The data
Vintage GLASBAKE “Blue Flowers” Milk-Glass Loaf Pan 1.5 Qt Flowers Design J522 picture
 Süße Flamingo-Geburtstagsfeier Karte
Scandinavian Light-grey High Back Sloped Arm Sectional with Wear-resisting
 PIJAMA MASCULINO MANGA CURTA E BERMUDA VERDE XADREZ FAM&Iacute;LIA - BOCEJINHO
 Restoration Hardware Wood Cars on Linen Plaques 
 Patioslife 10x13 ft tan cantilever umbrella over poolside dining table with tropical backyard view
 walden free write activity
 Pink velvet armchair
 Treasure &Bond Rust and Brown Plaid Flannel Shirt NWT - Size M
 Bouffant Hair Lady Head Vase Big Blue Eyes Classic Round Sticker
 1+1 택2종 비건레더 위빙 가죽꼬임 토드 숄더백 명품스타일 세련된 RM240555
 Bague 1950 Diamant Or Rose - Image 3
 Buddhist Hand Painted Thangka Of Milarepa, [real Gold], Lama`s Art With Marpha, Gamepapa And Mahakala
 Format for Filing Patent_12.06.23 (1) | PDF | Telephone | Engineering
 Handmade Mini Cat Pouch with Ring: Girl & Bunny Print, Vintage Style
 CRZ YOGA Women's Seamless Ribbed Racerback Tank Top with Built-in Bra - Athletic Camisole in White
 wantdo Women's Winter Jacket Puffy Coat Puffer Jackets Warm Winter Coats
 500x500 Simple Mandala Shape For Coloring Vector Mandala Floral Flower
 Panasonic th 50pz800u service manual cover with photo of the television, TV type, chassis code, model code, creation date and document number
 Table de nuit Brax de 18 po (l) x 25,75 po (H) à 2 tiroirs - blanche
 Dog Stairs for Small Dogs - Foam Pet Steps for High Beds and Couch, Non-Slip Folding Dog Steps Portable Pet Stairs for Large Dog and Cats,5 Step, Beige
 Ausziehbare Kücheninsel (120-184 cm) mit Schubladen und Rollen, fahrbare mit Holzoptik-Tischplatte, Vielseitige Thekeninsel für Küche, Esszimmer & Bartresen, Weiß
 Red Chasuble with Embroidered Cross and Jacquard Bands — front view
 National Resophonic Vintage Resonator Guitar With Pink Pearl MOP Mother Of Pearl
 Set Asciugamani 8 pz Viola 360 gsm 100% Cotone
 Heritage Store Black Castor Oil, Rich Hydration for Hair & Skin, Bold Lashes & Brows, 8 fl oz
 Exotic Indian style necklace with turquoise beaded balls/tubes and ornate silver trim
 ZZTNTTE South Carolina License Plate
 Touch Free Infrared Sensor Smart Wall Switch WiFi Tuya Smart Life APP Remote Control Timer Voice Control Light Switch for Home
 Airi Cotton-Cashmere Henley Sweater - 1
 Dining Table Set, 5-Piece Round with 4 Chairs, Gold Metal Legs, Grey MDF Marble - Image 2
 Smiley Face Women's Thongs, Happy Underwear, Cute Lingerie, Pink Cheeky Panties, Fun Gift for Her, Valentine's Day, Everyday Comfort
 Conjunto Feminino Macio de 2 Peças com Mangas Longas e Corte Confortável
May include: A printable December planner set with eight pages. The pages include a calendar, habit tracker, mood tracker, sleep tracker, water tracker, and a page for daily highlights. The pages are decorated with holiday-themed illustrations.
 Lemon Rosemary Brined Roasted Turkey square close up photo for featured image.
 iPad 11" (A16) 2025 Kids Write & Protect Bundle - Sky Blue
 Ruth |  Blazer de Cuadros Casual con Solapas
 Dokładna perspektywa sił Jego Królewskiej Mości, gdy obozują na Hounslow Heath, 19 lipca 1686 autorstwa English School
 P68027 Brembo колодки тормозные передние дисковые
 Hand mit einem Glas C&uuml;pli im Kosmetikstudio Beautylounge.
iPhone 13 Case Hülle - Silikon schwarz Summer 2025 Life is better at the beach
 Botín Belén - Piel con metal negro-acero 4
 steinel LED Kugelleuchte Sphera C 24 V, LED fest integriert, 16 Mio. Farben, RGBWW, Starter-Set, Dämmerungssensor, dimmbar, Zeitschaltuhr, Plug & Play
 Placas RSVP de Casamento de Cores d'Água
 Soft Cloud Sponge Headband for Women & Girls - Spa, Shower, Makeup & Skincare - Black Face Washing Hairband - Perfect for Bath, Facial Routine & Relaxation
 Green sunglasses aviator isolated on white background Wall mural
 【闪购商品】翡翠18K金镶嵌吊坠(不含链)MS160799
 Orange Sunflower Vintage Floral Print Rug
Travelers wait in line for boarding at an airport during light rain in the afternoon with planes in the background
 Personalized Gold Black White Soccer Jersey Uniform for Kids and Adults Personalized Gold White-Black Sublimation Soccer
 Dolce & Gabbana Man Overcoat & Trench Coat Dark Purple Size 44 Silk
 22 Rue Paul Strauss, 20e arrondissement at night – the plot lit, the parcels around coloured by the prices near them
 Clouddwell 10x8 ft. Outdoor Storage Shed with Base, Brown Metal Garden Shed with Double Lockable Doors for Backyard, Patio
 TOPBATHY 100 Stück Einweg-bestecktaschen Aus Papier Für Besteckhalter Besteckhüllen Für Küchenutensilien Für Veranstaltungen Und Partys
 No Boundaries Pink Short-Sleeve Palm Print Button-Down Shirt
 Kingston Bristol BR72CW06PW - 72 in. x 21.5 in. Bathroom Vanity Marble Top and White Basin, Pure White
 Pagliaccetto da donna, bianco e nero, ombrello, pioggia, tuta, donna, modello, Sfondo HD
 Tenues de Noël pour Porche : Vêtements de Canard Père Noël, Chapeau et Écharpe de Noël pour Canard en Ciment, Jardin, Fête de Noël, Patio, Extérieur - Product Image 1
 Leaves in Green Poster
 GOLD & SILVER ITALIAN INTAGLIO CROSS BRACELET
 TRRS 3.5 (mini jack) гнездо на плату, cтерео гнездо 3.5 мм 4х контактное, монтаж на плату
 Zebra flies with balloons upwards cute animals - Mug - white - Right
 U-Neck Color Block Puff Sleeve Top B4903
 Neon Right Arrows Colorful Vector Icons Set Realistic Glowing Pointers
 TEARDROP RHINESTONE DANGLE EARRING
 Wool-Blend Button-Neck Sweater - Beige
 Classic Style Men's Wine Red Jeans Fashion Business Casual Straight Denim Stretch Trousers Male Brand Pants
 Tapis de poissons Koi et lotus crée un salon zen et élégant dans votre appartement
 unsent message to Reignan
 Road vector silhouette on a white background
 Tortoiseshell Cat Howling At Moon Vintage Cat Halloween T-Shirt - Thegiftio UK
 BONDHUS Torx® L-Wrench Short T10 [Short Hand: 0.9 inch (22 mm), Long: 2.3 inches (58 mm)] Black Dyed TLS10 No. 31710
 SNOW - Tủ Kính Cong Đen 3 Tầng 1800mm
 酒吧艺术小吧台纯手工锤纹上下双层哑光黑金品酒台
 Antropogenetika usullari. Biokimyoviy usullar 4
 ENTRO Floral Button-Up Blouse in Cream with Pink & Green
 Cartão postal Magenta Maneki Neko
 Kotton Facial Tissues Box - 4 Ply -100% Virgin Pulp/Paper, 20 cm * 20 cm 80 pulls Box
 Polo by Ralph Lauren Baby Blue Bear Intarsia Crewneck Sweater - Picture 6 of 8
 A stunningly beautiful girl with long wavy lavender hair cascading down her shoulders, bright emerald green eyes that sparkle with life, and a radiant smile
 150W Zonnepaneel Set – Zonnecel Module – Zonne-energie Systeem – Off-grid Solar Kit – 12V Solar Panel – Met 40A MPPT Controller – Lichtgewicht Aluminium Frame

What needs to be done
Search the entries for the string "Facial" and collect each line that has it.

Result for this exercise
 Soft Cloud Sponge Headband for Women & Girls - Spa, Shower, Makeup & Skincare - Black Face Washing Hairband - Perfect for Bath, Facial Routine & Relaxation
 Kotton Facial Tissues Box - 4 Ply -100% Virgin Pulp/Paper, 20 cm * 20 cm 80 pulls Box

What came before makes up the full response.